■ The data

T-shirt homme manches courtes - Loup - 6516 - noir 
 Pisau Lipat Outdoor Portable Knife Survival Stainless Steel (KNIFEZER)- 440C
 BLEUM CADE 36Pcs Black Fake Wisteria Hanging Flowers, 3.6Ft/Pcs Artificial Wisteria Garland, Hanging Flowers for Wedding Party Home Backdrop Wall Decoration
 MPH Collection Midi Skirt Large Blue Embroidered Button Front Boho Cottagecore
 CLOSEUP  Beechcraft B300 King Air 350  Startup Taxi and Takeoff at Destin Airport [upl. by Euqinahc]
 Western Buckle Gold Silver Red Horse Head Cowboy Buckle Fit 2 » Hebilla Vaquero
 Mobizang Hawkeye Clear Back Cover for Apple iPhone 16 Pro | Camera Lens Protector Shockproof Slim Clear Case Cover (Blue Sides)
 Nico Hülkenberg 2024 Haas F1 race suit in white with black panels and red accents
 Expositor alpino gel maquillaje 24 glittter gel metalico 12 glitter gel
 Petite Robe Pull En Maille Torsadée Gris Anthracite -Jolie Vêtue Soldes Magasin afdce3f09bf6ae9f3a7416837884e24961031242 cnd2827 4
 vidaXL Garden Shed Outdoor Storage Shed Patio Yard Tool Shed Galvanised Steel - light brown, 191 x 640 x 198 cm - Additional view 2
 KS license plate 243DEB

■ Work item
Only the lines from the one containing "MPH Collection Midi" through the one containing "Petite Robe Pull" are to be retyped, both boundary lines included, with no other material.

■ Task response
 MPH Collection Midi Skirt Large Blue Embroidered Button Front Boho Cottagecore
 CLOSEUP  Beechcraft B300 King Air 350  Startup Taxi and Takeoff at Destin Airport [upl. by Euqinahc]
 Western Buckle Gold Silver Red Horse Head Cowboy Buckle Fit 2 » Hebilla Vaquero
 Mobizang Hawkeye Clear Back Cover for Apple iPhone 16 Pro | Camera Lens Protector Shockproof Slim Clear Case Cover (Blue Sides)
 Nico Hülkenberg 2024 Haas F1 race suit in white with black panels and red accents
 Expositor alpino gel maquillaje 24 glittter gel metalico 12 glitter gel
 Petite Robe Pull En Maille Torsadée Gris Anthracite -Jolie Vêtue Soldes Magasin afdce3f09bf6ae9f3a7416837884e24961031242 cnd2827 4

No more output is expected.